On a sidenote, `resolve` is one of those API's where I appreciate that it is a
free function (so it applies equally well to all `url_view` compatible
containers) as well taking an output argument for the result.

Like with `encoded_view::assign_to` I believe it is the most elegant way to give the
caller control over allocation and reuse.

It would be welcome to _also_ have `resolve()` member functions for discoverability.

Regarding the parser interface, I feel this should mature into its own library.
I don't see myself using it currently, and would consider it a pure
implementation w.r.t. of Boost URL. I have not reviewed this section of the
library and only skimmed the docs.

# What is your evaluation of the implementation?

Didn't look at it too much, though I found some observations I'll list below.

# What is your evaluation of the documentation?

The documentation can use a little work in the narrative department. On the
plus side, some pages already incorporate some "real life" examples. The
brevity makes it easy to overlook. Perhaps the examples would be better when
fleshed out in long form, then linked to.

I like the diagrams and some example tables. I think I might be referring to
the diagram in the future when discussing/explaining the behaviour of URLs or
Boost URL in particular.

# Did you try to use the library? With what compiler? Did you have any problems?

I have used the library earlier e.g. when writing Beast code and answering StackOverflow

# How much effort did you put into your evaluation? A glance? A quick reading? In-depth study?

I've been eyeing the library for some time while it was "baking".

I spent ~4 hours gathering these review comments today, using the library
building from the boost super-project using both CMake and b2 (linux).

In some departments I guess I had the advantage of prior knowledge, making my
review more in-depth in places.

# Are you knowledgeable about the problem domain?

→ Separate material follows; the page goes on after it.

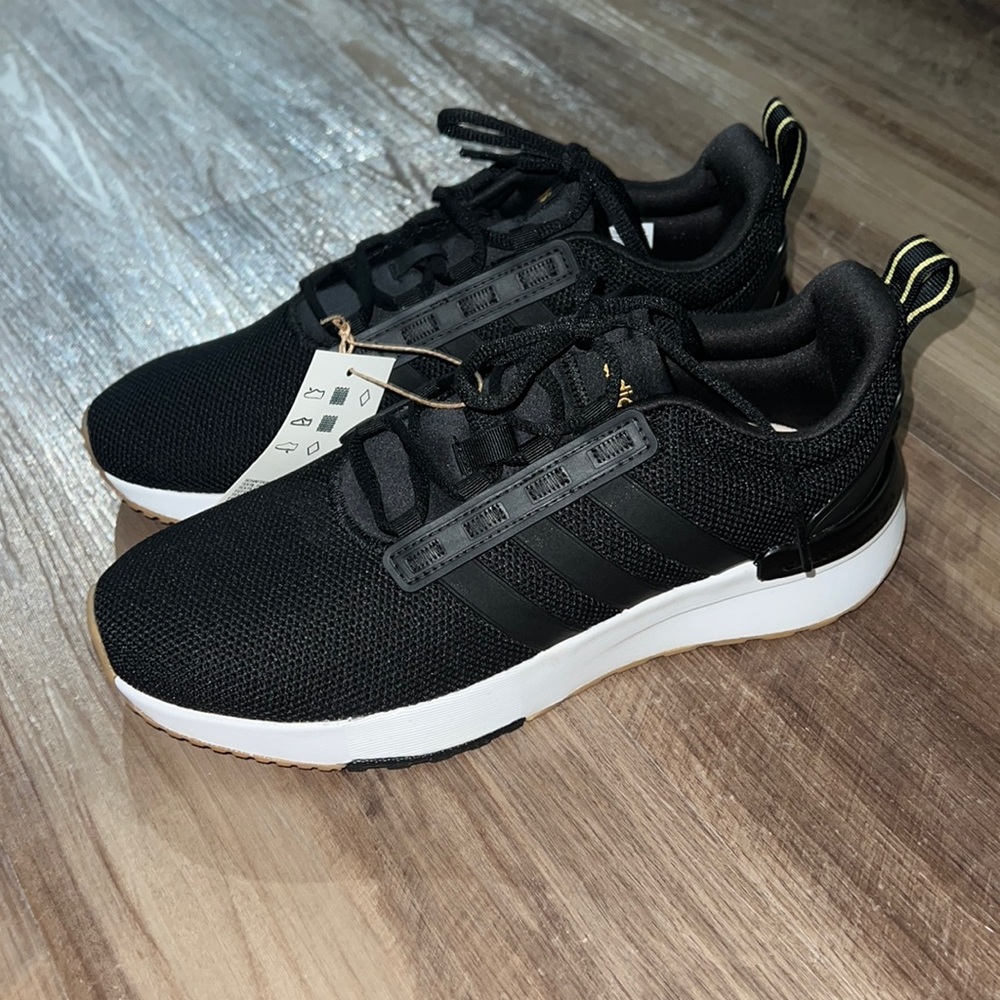 Adidas Racer TR21 Women’s 7 1/2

I'm not a notable domain expert, but I have used my share of URL classes in C#,
Java and .NET. Also, have implemented parsers for query strings in the past.

# Do you think the library should be accepted as a Boost library?

I vote to ACCEPT the library. Although there are things to be improved, I
wouldn't consider any of them conditional.

Thanks Vinnie and Alan for putting time into creating and honing this capable
library.

Seth Heeren

-----

A list of observations encountered when trying out things and reading through the code:

 - The current implementation trips a fair number of deprecation warnings in
   Boost Filesystem - I trust those are probably known and easily addressed
 - In Containers docs: "URL reference. Missing scheme and host." - should say
   "scheme and authority"
 - "Although URL query strings are often used to represent key/value pairs,
   they are not a compound element" - Is confusing to me. It seems to say
   key/values are not supported, but it goes on to say `url_view::params`
   extracts "this view of key/value pairs".
 - Defining BOOST_URL_NO_SOURCE_LOCATION does not compile the tests (possibly more?)
 - message for `error::success` returns arbitrary value:
    
    #4372 error.cpp(53) failed: 'BOOST_URL_ERR(error::success).message() == "success"' ('bad alpha' == 'success')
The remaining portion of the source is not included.